I’m not very sure this is correct but the result sames OK.
def unquant_model(model: torch.nn.Module, inplace=False) -> torch.nn.Module:
if not inplace:
model = copy.deepcopy(model)
fx_model = fx.symbolic_trace(model)
modules = dict(fx_model.named_modules())
new_graph = copy.deepcopy(fx_model.graph)
for node in new_graph.nodes:
# Delete first few layers and last few layers of quant module
if node.target == "base_net_0_0_input_scale_0":
node.next.next.next.replace_input_with(node.next.next.next.args[0],node.next.next.args[0])
node.next.next.replace_all_uses_with(node.next.next)
new_graph.erase_node(node.next.next)
node.next.replace_all_uses_with(node.next)
new_graph.erase_node(node.next)
node.replace_all_uses_with(node)
new_graph.erase_node(node)
if node.target == "dequantize":
node.replace_all_uses_with(node.args[0])
new_graph.erase_node(node)
if node.target not in modules:
continue
# replce quant conv with normal conv
if type(modules[node.target]) is torch.ao.nn.quantized.modules.conv.Conv2d or
type(modules[node.target]) is torch.ao.nn.intrinsic.quantized.modules.conv_relu.ConvReLU2d:
norm_conv = unquant_conv(modules[node.target])
replace_node_module(node, modules, norm_conv)
return fx.GraphModule(fx_model, new_graph)
I have noticed that there are two sets of scales and zero_points in torch.ao.nn.quantized’s conv2d.
One set is in QuantizedConv2d(1, 16, kernel_size=(3, 3), stride=(2, 2), scale=0.09829162061214447, zero_point=48, padding=(1, 1)). I believe this scale and zero_point are for the output of this layer, so if I use this model as a float model, this scale becomes irrelevant.

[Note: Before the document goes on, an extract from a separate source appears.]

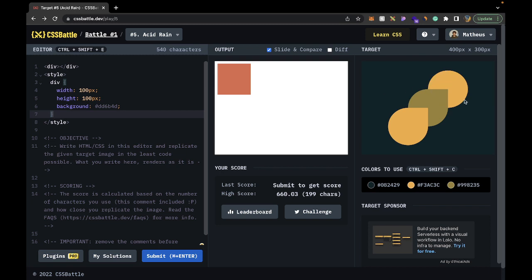We're going to create a circle with the radial gradient and move it up here. Then we'll have a p tag for the yellow circle, and create a box shadow from it to be the green one. We're using a p tag instead of a div just because a p tag is fewer characters — we'll go as low on characters as humanly possible. The body will take care of the background and the top circle.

The other scale is found in conv.weight(), showing scale=tensor([0.0489, 0.0379, 0.0250, 0.0418, 0.0370, 0.0329, 0.0264, 0.0320, 0.0184, 0.0291, 0.0283, 0.0276, 0.0277, 0.0296, 0.0229, 0.0343], dtype=torch.float64), which applies to each channel’s weights. I think these scales have already been applied when converting the QAT model to a quantized model.
Therefore, I haven’t lost any scales or zero points, am I correct?
the output scale and zero point are learned during QAT based on the seen activation ranges. That’s what you’d be losing. You can use the model as a float model but at some point if you want to quantize the model, you’d want those. The weight qparams can be determined from the weight itself so their loss is irrelevant.